- Born: Quebec
- Spouse: Douglas Wallace

Academic background
- Education: B.Sc., McGill University PhD., Dalhousie University
- Thesis: Adaptation of phytoplankton to fluctuating nitrogen concentrations: long-term and short-term changes in ammonium uptake kinetics (1987)

Academic work
- Institutions: University of Kiel Dalhousie University

= Julie LaRoche =

Canadian marine biologist

Julie LaRoche is a Canadian marine biologist. She is a Tier 1 Canada Research Chair in Marine Microbial Genomics and Biogeochemistry at Dalhousie University.

==Early life and education==
LaRoche was born in Quebec, Canada. She earned her Bachelor of Science from McGill University and her PhD in Biological Oceanography at Dalhousie University. While earning her PhD at Dalhouse, she met her future husband Douglas Wallace.

==Career==
After completing her postdoctoral studies at Dalhousie University, LaRoche conducted research at the Brookhaven National Laboratory (BNL). While there, LaRoche co-published “Flavodoxin expression as an indicator of iron limitation in marine diatoms" with Helen Murray-Tobin which earned them the Luigi Provasoli Award from the Phycological Society of America for the most outstanding research paper published in the Journal of Phycology. She also studied how stress affects phytoplankton. In 1998, LaRoche accepted a position at the University of Kiel as a professor in their Institute of Oceanography.

LaRoche and her husband stayed in Germany until 2010 when they both accepted placements at their alma mater, Dalhousie. LaRoche was appointed a Tier 1 Canada Research Chair in Marine Microbial Genomics and Biogeochemistry, and her husband was appointed the University's Canada Excellence Research Chair. Upon her return, she developed a lab to research how global climate change is affecting marine microbes and biochemical processes. She specifically studied how phytoplankton and marine bacteria are affected by increases in temperature and decreases in pH. In 2016, she received $149,900 in funding for her plankton research project, which allowed her to purchase a holographic microscope for a commercial ship she uses to study the Deep Panuke drilling station. Previously, her team had only been able to analyze sample of water twice a year until The Atlantic Canadian company voluntarily provided the lab with free access on the Atlantic Condor. The next year, she partnered with Canada C3, a 150-day expedition along the Atlantic, Arctic and Pacific coasts, to collect and share data.

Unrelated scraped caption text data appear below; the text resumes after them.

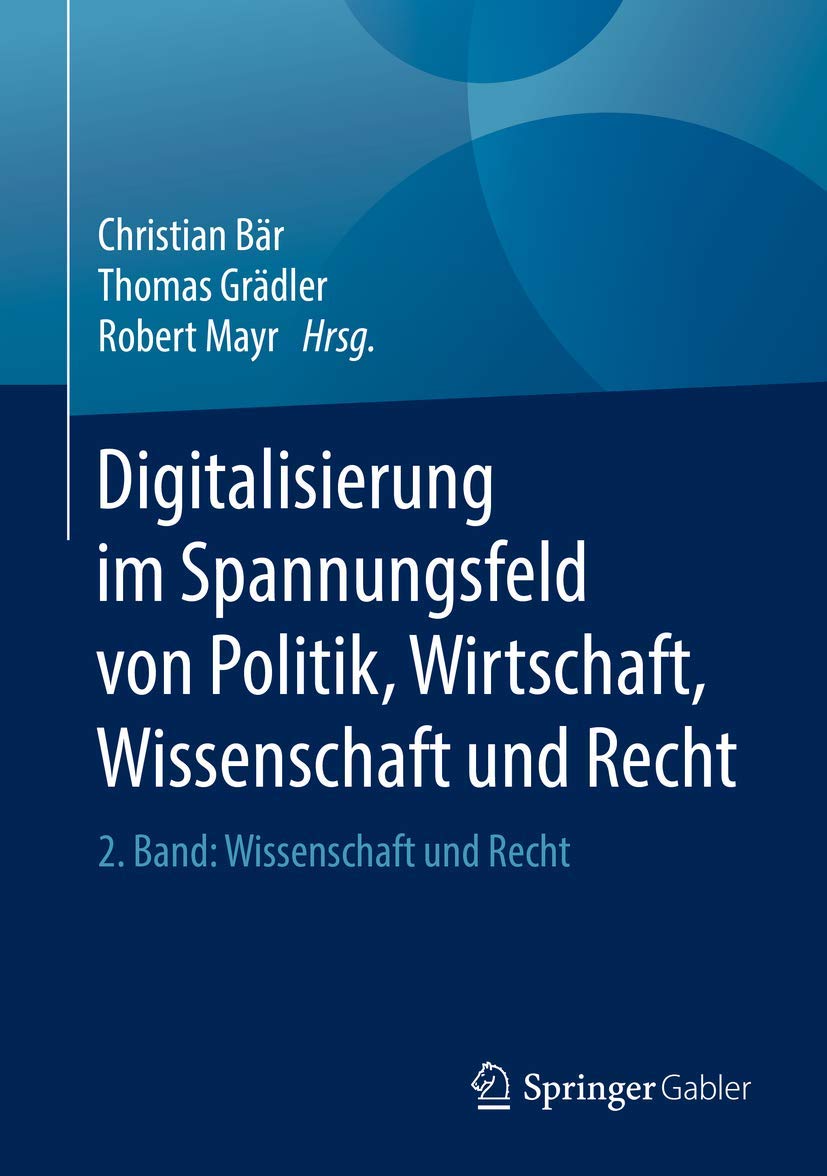 Digitalisierung im Spannungsfeld von Politik, Wirtschaft, Wissenschaft und Recht Law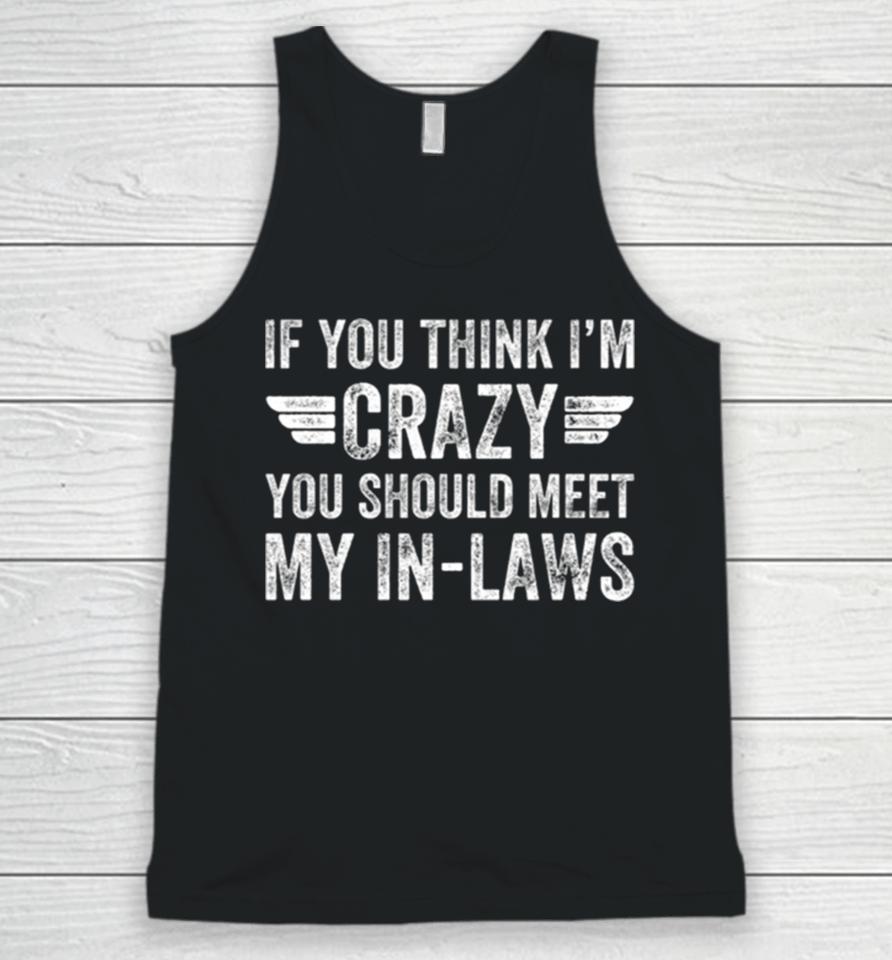 If You Think I’m Crazy You Should Meet My In Laws Vintage Unisex Tank Top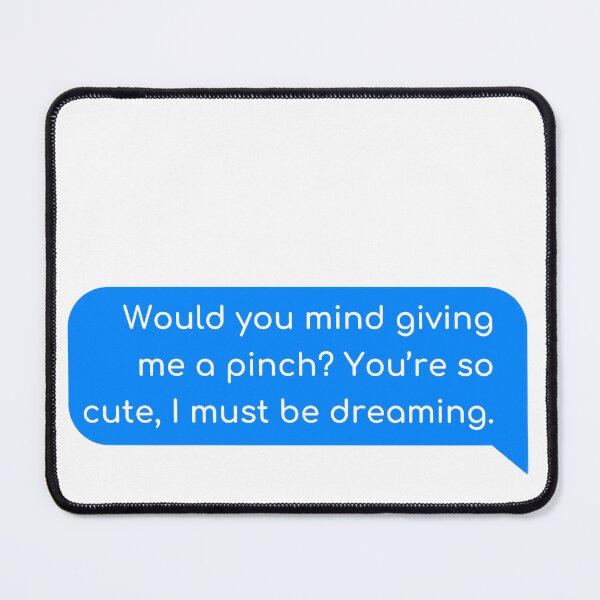 Item preview, Would you mind giving me a pinch? You’re so cute, I must be dreaming. designed and sold by Univers Gifts.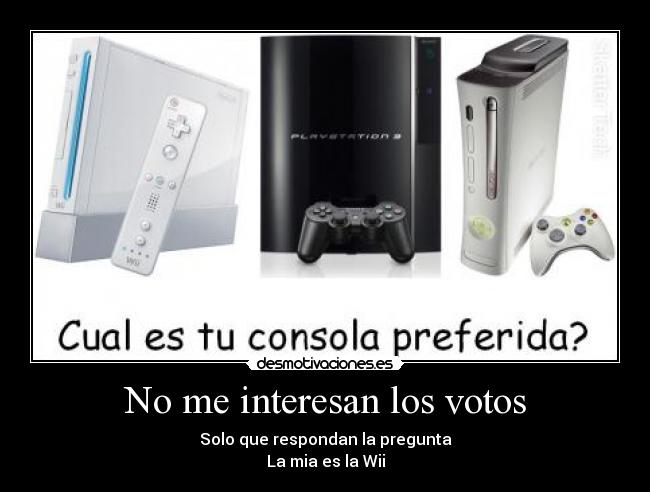 No me interesan los votos - Solo que respondan la pregunta
La mia es la Wii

In 2019, LaRoche was renewed as a Canada Research Chair.

To date, LaRoche has published over 170 academic publications, which have been cited over 30,000 times, resulting in an h-index of 70.

== Selected publications ==

- A mesoscale phytoplankton bloom in the polar Southern Ocean stimulated by iron fertilization. Philip W Boyd, Andrew J Watson, Cliff S Law, Edward R Abraham, Thomas Trull, Rob Murdoch, Dorothee CE Bakker, Andrew R Bowie, KO Buesseler, Hoe Chang, Matthew Charette, Peter Croot, Ken Downing, Russell Frew, Mark Gall, Mark Hadfield, Julie Hall, Mike Harvey, Greg Jameson, Julie LaRoche, Malcolm Liddicoat, Roger Ling, Maria T Maldonado, R Michael McKay, Scott Nodder, Stu Pickmere, Rick Pridmore, Steve Rintoul, Karl Safi, Philip Sutton, Robert Strzepek, Kim Tanneberger, Suzanne Turner, Anya Waite, John Zeldis. Nature. 2000.
- Redfield revisited: variability of C [ratio] N [ratio] P in marine microalgae and its biochemical basis. Richard J Geider and Julie La Roche. 2002/2. European Journal of Phycology.
- Global iron connections between desert dust, ocean biogeochemistry, and climate. TD Jickells, ZS An, Katrine K Andersen, AR Baker, G Bergametti, Nick Brooks, JJ Cao, PW Boyd, RA Duce, KA Hunter, H Kawahata, N l Kubilay, J laRoche, PS Liss, N Mahowald, JM Prospero, AJ Ridgwell, I and Tegen, R Torres. Science. 2005.
- Processes and patterns of oceanic nutrient limitation. CM Moore, MM Mills, KR Arrigo, I Berman-Frank, L Bopp, PW Boyd, ED Galbraith, RJ Geider, C Guieu, SL Jaccard, TD Jickells, Julie La Roche, TM Lenton, NM Mahowald, E Marañón, I Marinov, JK Moore, T Nakatsuka, Andreas Oschlies, MA Saito, TF Thingstad, A Tsuda, and O Ulloa. Nature Geoscience. 2013.
- A communal catalogue reveals Earth’s multiscale microbial diversity. Nature. 2017.